The guns will determine how and where your ship fights in combat, so it’s good to go over briefly what you need when attacking the enemy. Go over who gets what gun, and then explain their role.

Let your gunner know what their gun’s role is. If it’s an artimis, tell them to aim for components at all ranges. If it’s a carronade, tell them to aim for the balloon when they are close. If it’s a mortar, let them know to only fire when the enemy ship’s armor is broken.  Finally, briefly go over ammo types and how each ammunition may help.  Remember, the goal is not to micro-manage, but instead give them enough information to make infr

This is a bit more tricky than it sounds, as some engagements are decided by the first hwacha volley. Again, stick to guidelines and explain the role.  For example, when I fly an ambush spire, I always let my gunner know that they must fire first to take out the front gun of that hwachafish or galleon, but can hold fire until a metamidion’s armor is down.

Once a player has the information about their gun and how to perform their gun’s role, they can make the most informed decision possible when it comes to gunnery. As a captain, you can’t do much about missed shots, but knowing when to fire is the most important factor you can influence.  So influence it. Let them know what is an important time to shoot, and what is not. Once they start to get the hang of it, your results as a ship will only improve.

Overview the role of the engineers.

The engineers keep the ship alive so that it can keep fighting. However, the repair system can make engineers overlap their cooldowns and miss repair timers, or, even worse, neglect to repair crucial components of the ship. As such, the engineers need to be more informed of where to be and what to prioritize.   Save the special routes and tricks for later, they need to know what needs to be active for the ship to function.  This depends on the ship, as a mobula’s balloon is more important than a squid’s, but if you’re a captain worth your salt you’ll know what you need to function. Check out the other guides to become familiar with these loadouts if you are not already.

 
When explaining, think guidelines.  You won’t be able to micromanage in the thick of things, so give them the knowledge they need to function the best at the task their given before the lumberjack hits the balloon.  Let them know “In this pyra, we will get close, so will I need turning engines more than the side guns.” Or  “In this squid, engines are life. If we have the altitude, prioritize engines over the balloon.” Or, “In this galleon, work with the gunner to fix the lumberjack before fixing your heavy flak.”

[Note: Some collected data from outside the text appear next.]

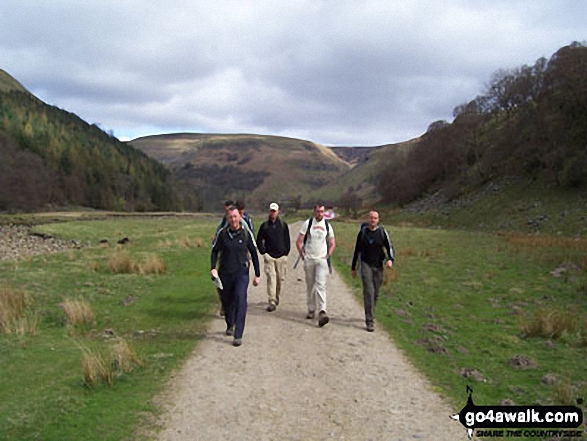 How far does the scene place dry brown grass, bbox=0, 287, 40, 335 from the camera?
29.5ft

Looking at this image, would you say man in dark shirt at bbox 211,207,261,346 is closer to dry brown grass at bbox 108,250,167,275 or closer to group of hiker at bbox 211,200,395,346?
group of hiker at bbox 211,200,395,346

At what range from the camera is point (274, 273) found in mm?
10969

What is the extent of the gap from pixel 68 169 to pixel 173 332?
11717 cm

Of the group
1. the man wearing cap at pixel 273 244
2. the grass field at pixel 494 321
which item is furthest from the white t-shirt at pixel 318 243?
the grass field at pixel 494 321

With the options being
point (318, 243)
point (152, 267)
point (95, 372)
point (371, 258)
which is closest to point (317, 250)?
point (318, 243)

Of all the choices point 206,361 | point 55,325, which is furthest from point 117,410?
point 55,325

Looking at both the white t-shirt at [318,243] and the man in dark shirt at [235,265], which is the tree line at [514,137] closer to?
the white t-shirt at [318,243]

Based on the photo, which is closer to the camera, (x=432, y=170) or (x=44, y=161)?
(x=432, y=170)

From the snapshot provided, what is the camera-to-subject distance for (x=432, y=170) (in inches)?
3046

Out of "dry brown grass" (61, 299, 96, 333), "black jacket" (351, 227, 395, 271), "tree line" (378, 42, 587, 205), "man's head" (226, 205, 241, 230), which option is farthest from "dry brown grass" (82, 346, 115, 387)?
"tree line" (378, 42, 587, 205)

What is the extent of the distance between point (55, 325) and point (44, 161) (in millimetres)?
111110

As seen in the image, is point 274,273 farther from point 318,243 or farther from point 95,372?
point 95,372

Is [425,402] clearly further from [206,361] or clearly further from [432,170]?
[432,170]

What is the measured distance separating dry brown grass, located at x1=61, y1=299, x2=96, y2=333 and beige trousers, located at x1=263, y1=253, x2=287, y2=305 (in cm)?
390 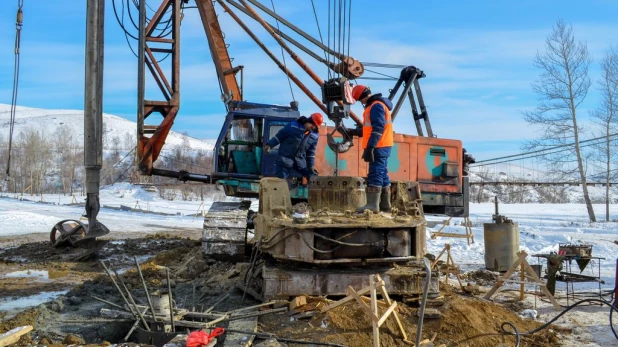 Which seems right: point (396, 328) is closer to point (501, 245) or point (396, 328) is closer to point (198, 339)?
point (198, 339)

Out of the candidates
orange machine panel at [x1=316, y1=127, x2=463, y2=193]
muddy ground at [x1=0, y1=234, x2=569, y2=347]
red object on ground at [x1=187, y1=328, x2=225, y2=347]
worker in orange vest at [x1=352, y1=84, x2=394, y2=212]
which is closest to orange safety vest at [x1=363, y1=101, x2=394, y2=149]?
worker in orange vest at [x1=352, y1=84, x2=394, y2=212]

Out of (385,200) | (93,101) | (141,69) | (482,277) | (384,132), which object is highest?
(141,69)

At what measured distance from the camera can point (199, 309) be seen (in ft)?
22.1

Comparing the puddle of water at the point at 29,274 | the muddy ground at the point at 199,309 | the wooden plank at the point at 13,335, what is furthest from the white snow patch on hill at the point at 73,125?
the wooden plank at the point at 13,335

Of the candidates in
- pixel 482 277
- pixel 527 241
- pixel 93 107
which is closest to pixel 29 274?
pixel 93 107

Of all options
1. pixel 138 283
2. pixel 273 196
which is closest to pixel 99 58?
pixel 138 283

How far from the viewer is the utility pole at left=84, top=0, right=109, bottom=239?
11094 millimetres

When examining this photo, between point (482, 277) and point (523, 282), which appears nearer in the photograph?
point (523, 282)

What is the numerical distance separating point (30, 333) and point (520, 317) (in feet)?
17.3

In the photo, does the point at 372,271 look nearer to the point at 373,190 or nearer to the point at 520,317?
the point at 373,190

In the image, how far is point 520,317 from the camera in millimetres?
7098

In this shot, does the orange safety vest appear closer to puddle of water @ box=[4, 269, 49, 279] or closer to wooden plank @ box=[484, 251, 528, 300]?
wooden plank @ box=[484, 251, 528, 300]

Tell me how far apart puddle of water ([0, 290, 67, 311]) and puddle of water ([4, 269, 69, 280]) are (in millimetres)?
1480

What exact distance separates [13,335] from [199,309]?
1878 millimetres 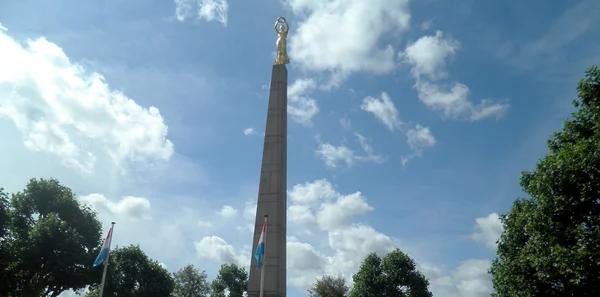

It may seem blindingly obvious to an experienced player, but newbies haven’t had the chance to learn these guidelines. Saying “you get the right side of this mobula” is a start, but isn’t nearly as helpful as “keep the balloon up, and check it every reload. If it goes down, go repair it.”  You won’t have enough time to explain every situation, but once your newfound crew has the context to make the moment-to-moment decisions to keep the ship alive and fighting.


Overview the role of the ship itself.

Finally, go over the strengths and weaknesses of the ship, and how you’ll fight against your opponents.  Go over the general doctrine of combat to give your crew the most information possible to make the best choices to play to your ship’s strengths and shore up it’s weaknesses.  This will stop the trigger-happy gunner that fires the hwacha burst at maximum range ineffectually, or stop the eager engineer from giving away your ambush position with a gatling. Once your crew knows how your ship will fight, they will avoid actions that undermine that style of combat.

On a sniper mobula, I explain that our role is to pick them apart from far away and disable their weaponry but on metamidion or an ambush spire I explain that we are to ambush them for a quick kill.  A hwachagalley, we ram and broadside, so keep the turners up and don’t fire until you’re sure you can disable their vital components.

By explaining your ship’s intended style of combat, you’re giving your novice crew the information to piece together all the working parts. They can equip their knowledge to choose what to react to. 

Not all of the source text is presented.